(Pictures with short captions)
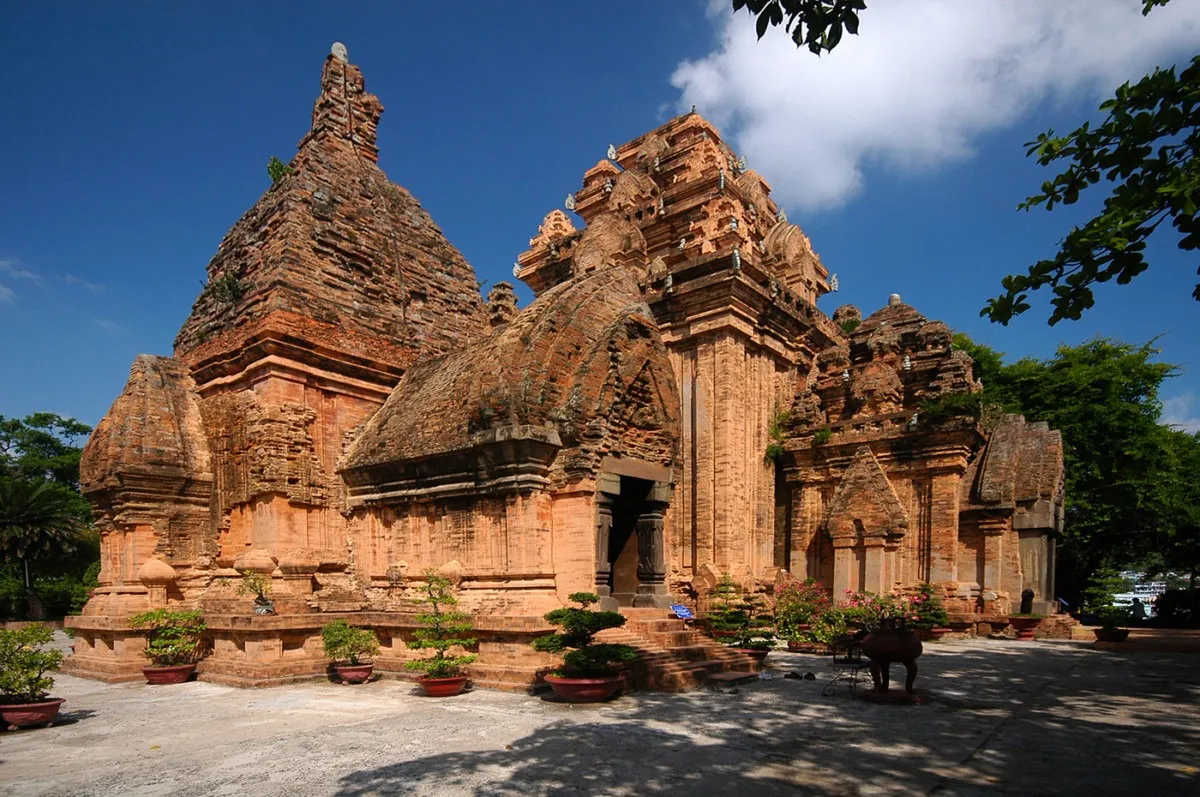 Vẻ đẹp của tháp bà Ponagar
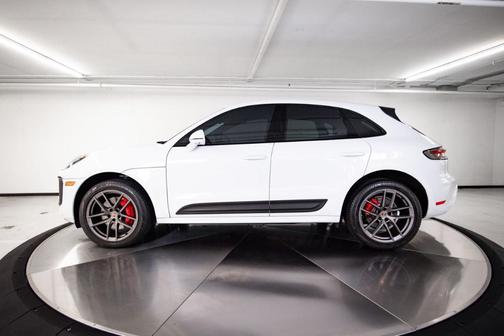 Carrara White Metallic 2023 Porsche Macan S
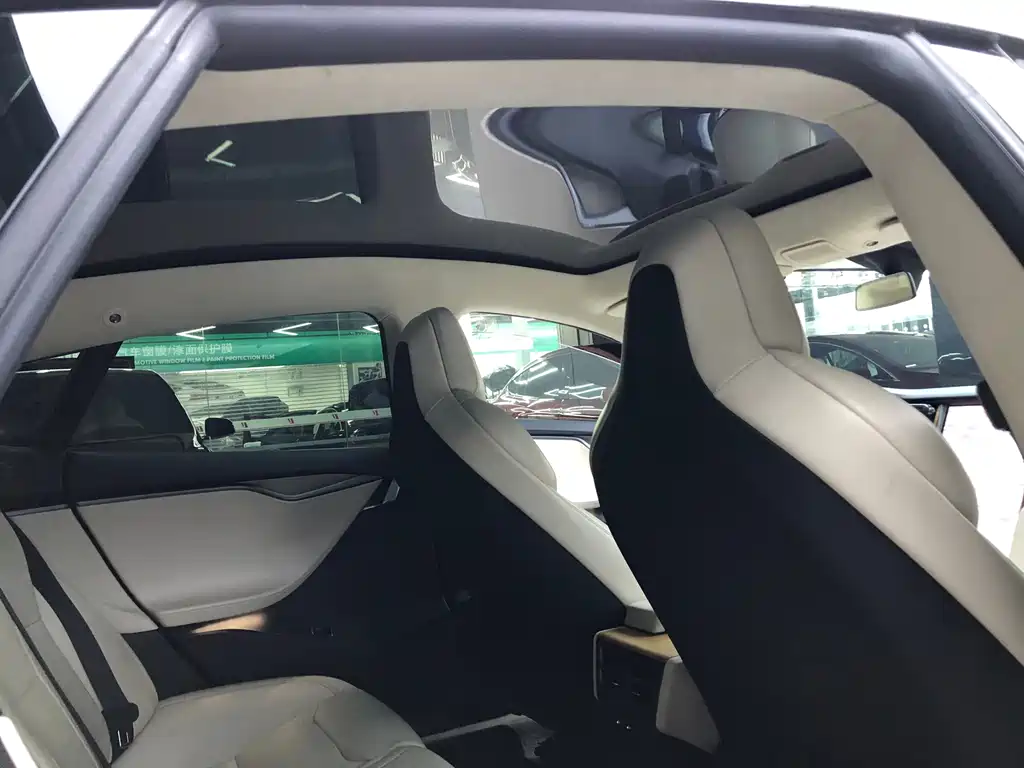 Tesla Model S — фото 10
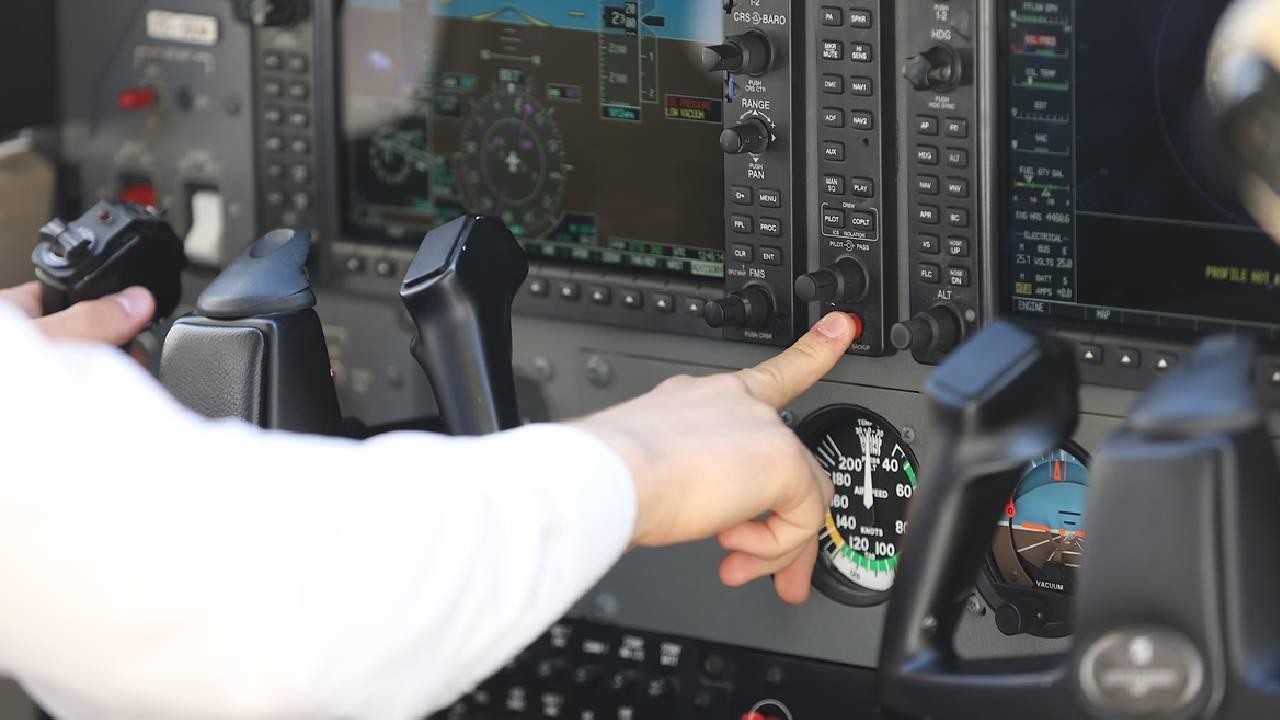 Havada can pazarı! Yolcular kriz geçiren pilotu koltuğa bağladı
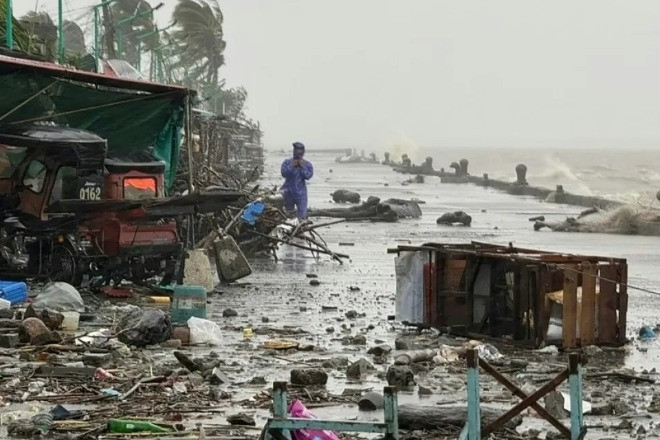 Siêu bão Ragasa làm 8 người thương vong ở Philippines, đang hướng tới Trung Quốc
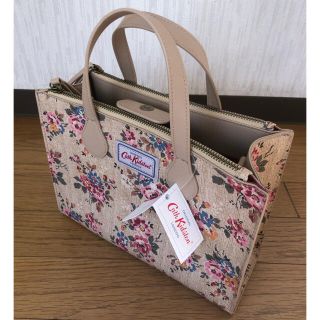 キャスキッドソン(Cath Kidston)の【新品タグ付き】　定価10,500円＋税　キャスキッドソン　ハンドバッグ　ローズ(ハンドバッグ)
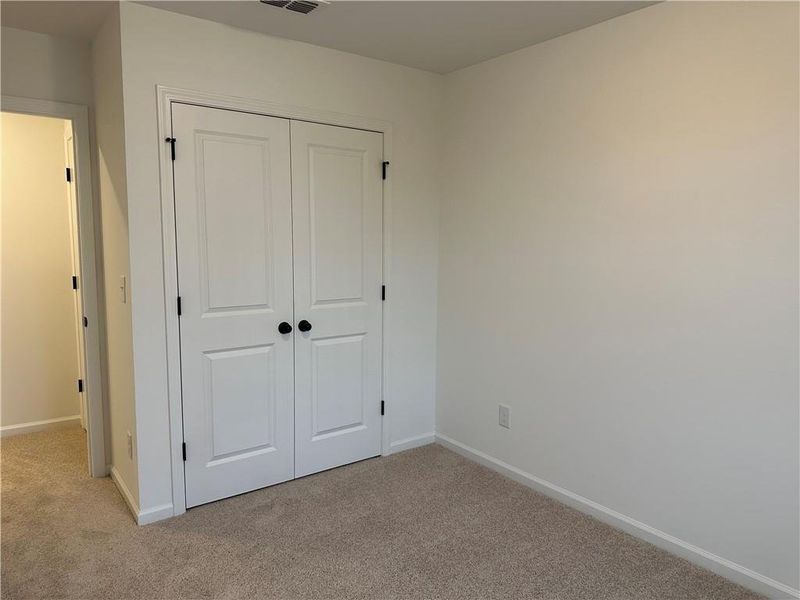 Spacious, unfurnished interior of a new home in Laurelwood, Douglasville (Image 14).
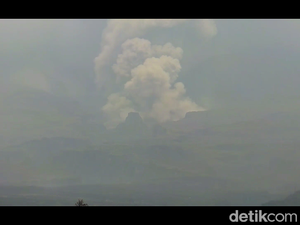 Gunung Semeru Luncurkan Awan Panas Guguran Sejauh 5 Kilometer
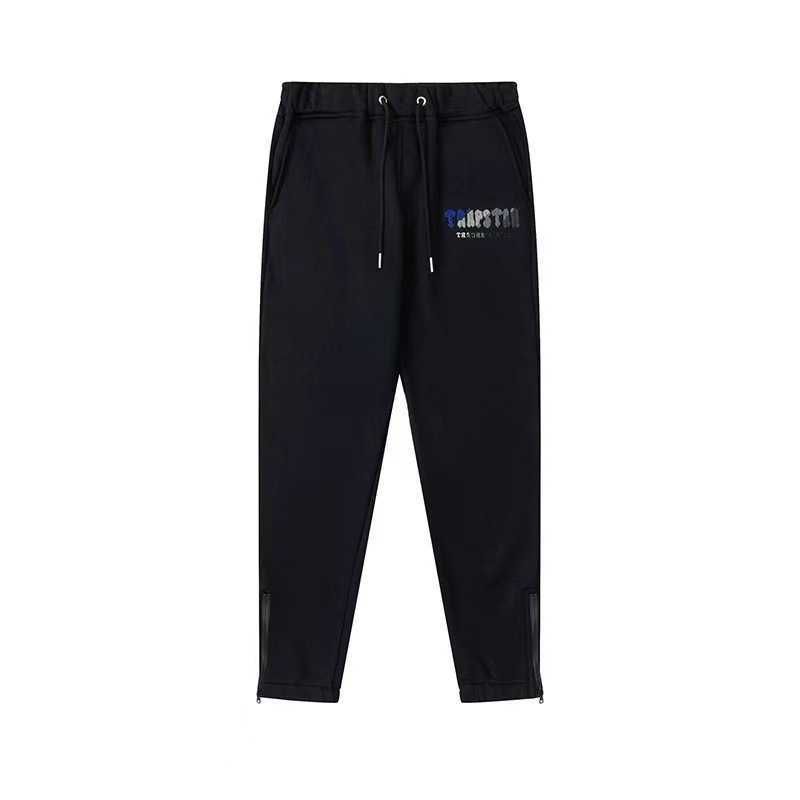 pantalones negros de 7 letras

[What the task requires] Exactly the lines from the one that contains "Spacious, unfurnished interior" through the last line of the records should be set down, and the pictures should be dropped.

[Task answer]
 Spacious, unfurnished interior of a new home in Laurelwood, Douglasville (Image 14).
 Gunung Semeru Luncurkan Awan Panas Guguran Sejauh 5 Kilometer
 pantalones negros de 7 letras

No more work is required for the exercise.